花田清輝「復興期の精神」のころ

今日ツイッターでフォローし合っているかたが「花田清輝」のbotをリツィートしてくださった。すぐにフォローしてツィートを読むと、これが花田清輝の話し方だったよなとうなづける言葉があった。
きっかけはなんだったのか覚えていないが、60年代はずっと花田清輝のファンだった。「復興期の精神」はバイブルのようなもので、西欧へのあこがれをかき立ててくれた。何度も何度も読んで記憶していたくらいだから、文章の最初がわかれば、いまでも続きを暗唱できるかもしれない。

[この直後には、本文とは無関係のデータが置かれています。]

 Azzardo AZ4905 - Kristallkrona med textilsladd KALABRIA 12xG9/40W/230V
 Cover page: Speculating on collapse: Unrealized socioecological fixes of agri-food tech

わたしは孤独な文学少女だったが、和文タイプの教室で知り合った人の彼氏のTがやっている同人雑誌の仲間に入れてもらった。そのT氏や中心になっていた労演事務局の人などと知り合って、タイプ印刷の冊子に原稿を載せてもらった。そういうときに知った花田清輝だった。
あるとき文芸講演会があり5人ほどの講演者の中に花田清輝と野間宏が入っていると聞いた。わりと広い会場だったがどこだったんだろう。
花田清輝はかっこ良かった。ハンカチをポケットから出して両手で持ち替えつつ話していた。内容は忘れたがハンカチを持っていたことだけは覚えている。「だれかくみこにあのハンカチをもらってきてやれや」とからかわれたが、それを言ったK氏が亡くなったと人づてに聞いた。そのときいたWさんとT氏が亡くなったのを最近ネットで知った。

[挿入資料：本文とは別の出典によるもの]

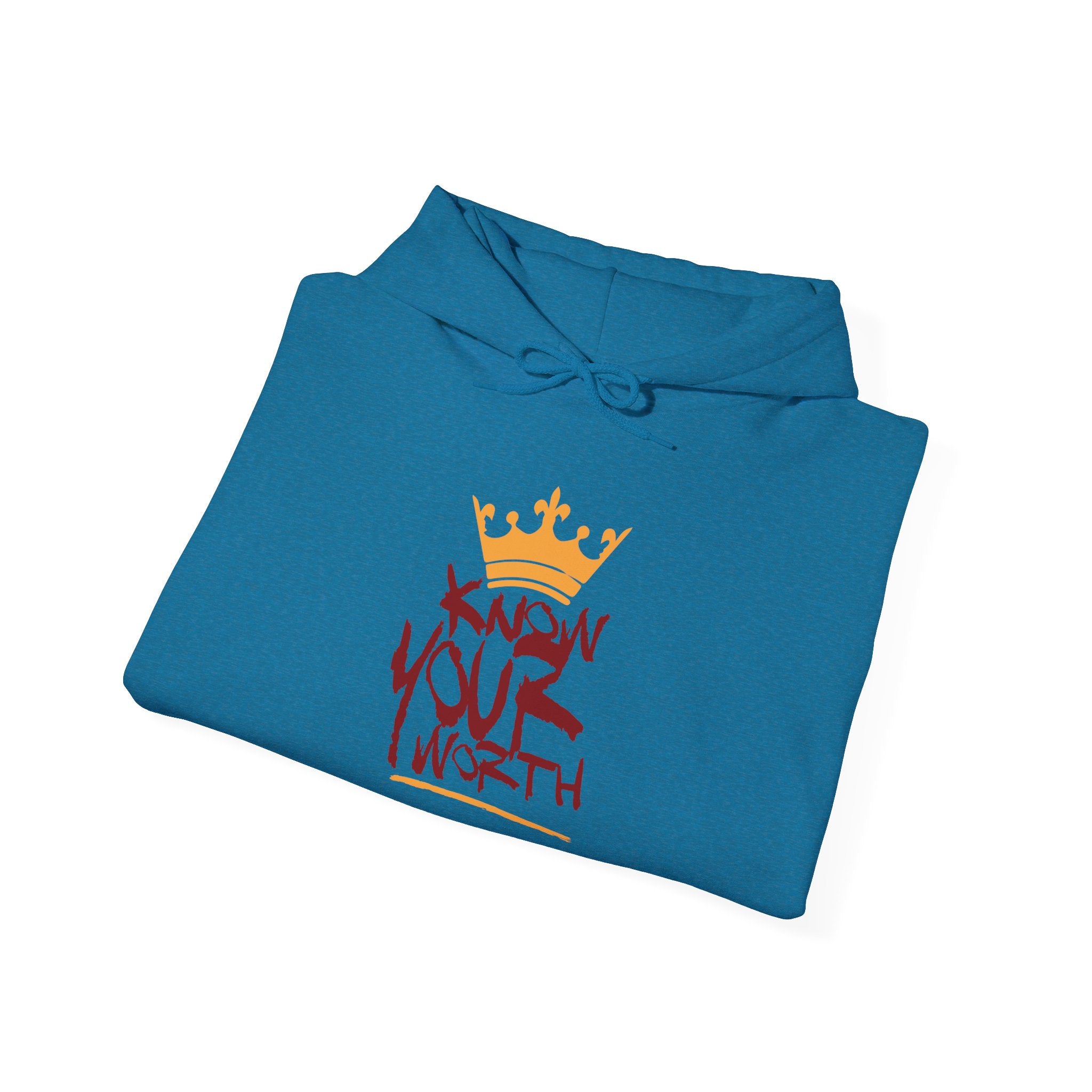 KYW — Inspirational Gold & Burgundy Crown Graphic Hoodie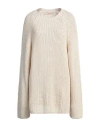 Jucca Woman Sweater Cream Size L Cotton In White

60年代も後半になると「アヴァンギャルド芸術」「近代の超克」「もう一つの修羅」を読んだがそれほどの熱狂はなく、「復興期の精神」で花田さんがふれている作家や、もっと新しい作家の作品を読むようになっていった。
花田さんはその後はけっこう有名になったみたいで、父親が読んでいた文芸雑誌に「ヴィクター・マチュアに似ている」と写真付きで出ていた。たしかに似ていた。ヴィクター・マチュアが「サムソンとデリラ」に出ていたころの話だ。
そうそう、ミステリを書くと言われていたように覚えているが結局書いてないのかな。チェスタートンのことを書いていたのを思い出した。

わたしは運がよくて、探さなくても文学仲間に恵まれたし、山に登ってみようと思う前に登山青年が目の前に現れた。音楽もしかりでいろんな分野のかたと知り合いになっていまにいたる。パソコンとネットでは相方にお世話になっているがこれも運命のなせるわざ(笑)。

なんか最近はツイッターで昔読んだ本や昔見た映画を思い出させてもらうことが多い。思い出したことはぼちぼちと書いていこう。